Exploring the First Supernovae: Uncovering Our Cosmic Origins

The James Webb Space Telescope may have detected remnants of the earliest supernovae in the universe, shedding light on the initial stages of chemical enrichment and the formation of elements.

After the big bang, the first stars, called population III stars, were predominantly composed of hydrogen and helium. These stars ended their life in supernova explosions, creating heavier elements that subsequently contributed to the formation of new stars.

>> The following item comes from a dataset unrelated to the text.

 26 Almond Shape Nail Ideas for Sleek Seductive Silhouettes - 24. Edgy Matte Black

Researchers, led by astronomer Roberto Maiolino from the University of Cambridge, utilized the James Webb Space Telescope to study the galaxy GLASS-z12, one of the earliest galaxies ever observed. By analyzing its light, the team identified the presence of carbon along with weaker traces of oxygen and neon, marking the most distant detection of heavy elements in the universe.

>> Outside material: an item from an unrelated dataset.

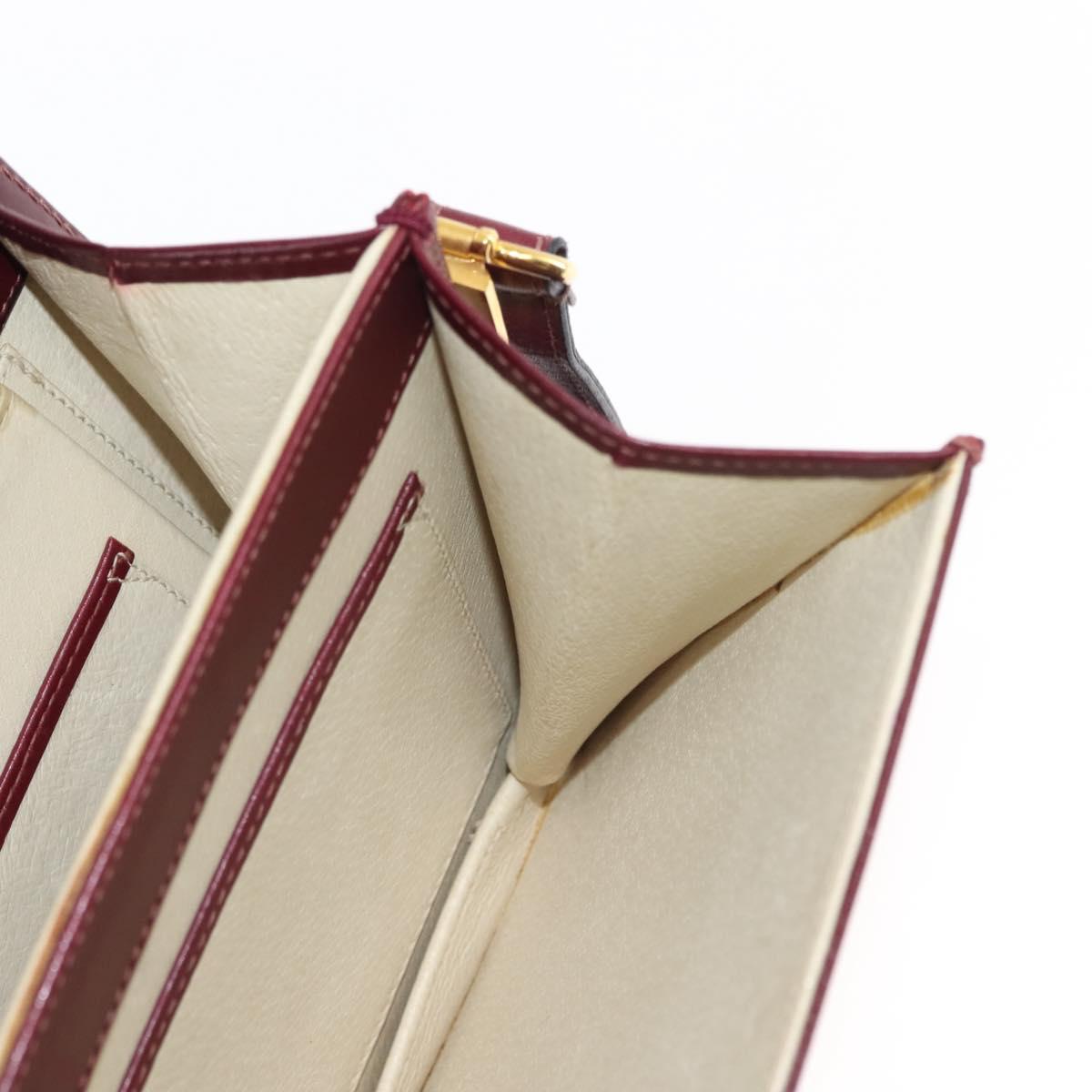 GUCCI Chain Shoulder Bag Leather Bordeaux Gold Auth fm4893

The team’s focus on the carbon-to-oxygen ratio within GLASS-z12 revealed a higher ratio than expected for such an ancient galaxy, suggesting the potential influence of exploding population III stars. These low-energy stars, rich in hydrogen and helium, could explain the elevated carbon levels observed.

Emma Chapman, from Imperial College London, emphasized the rapid pollution of the universe by such stellar processes, noting that even a single population III supernova could trigger the formation of less-pristine stars.

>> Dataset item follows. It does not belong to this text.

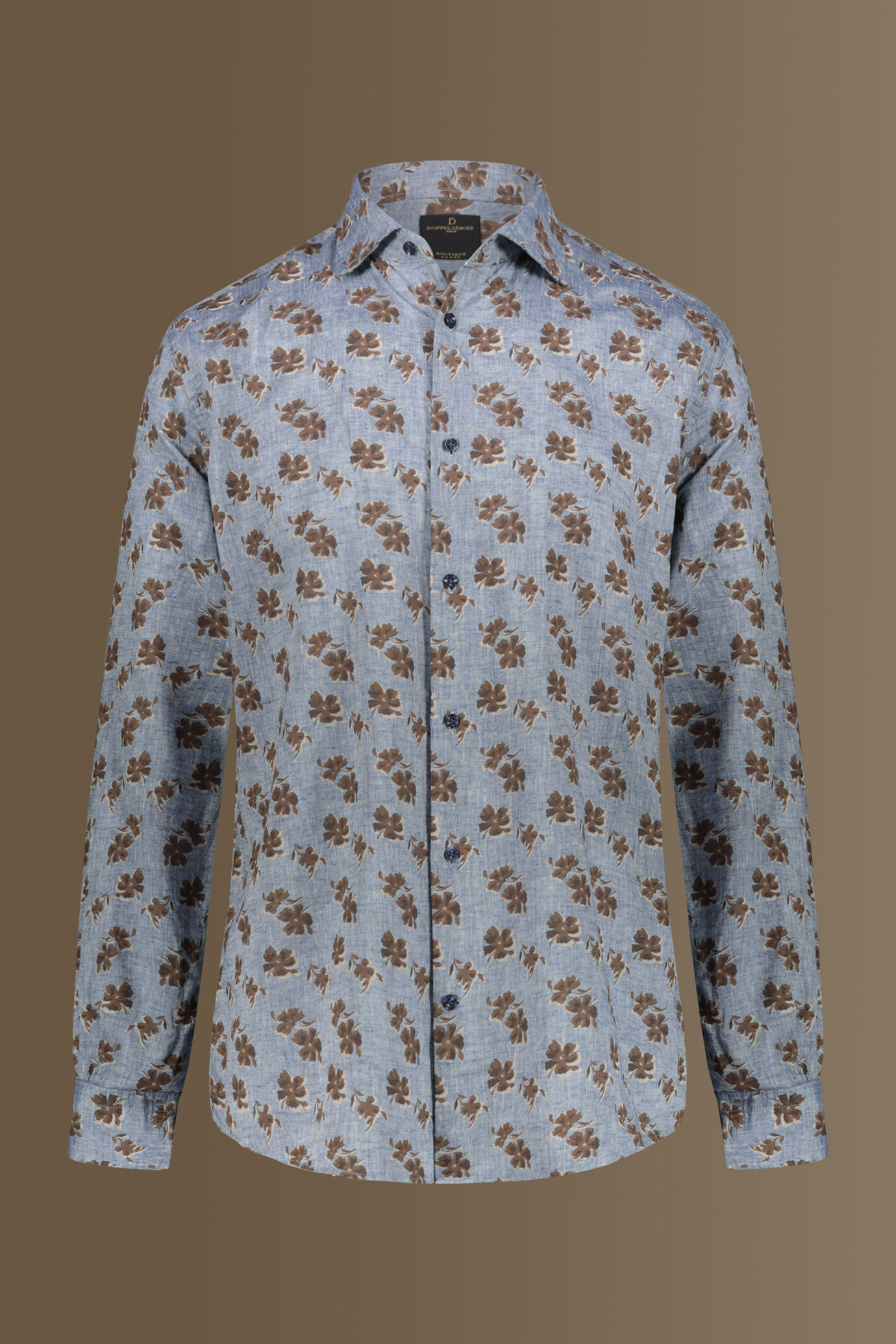 Casual shirt french collar linen blend floral print image number 3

Further exploration of GLASS-z12 and similar ancient galaxies could provide valuable insights into the nature of population III stars and their role in element production, according to Maiolino.

However, Richard Ellis from University College London cautioned that uncertainties in carbon and oxygen ratio measurements as well as models of population III stellar explosions leave room for alternative explanations, indicating the need for continued research.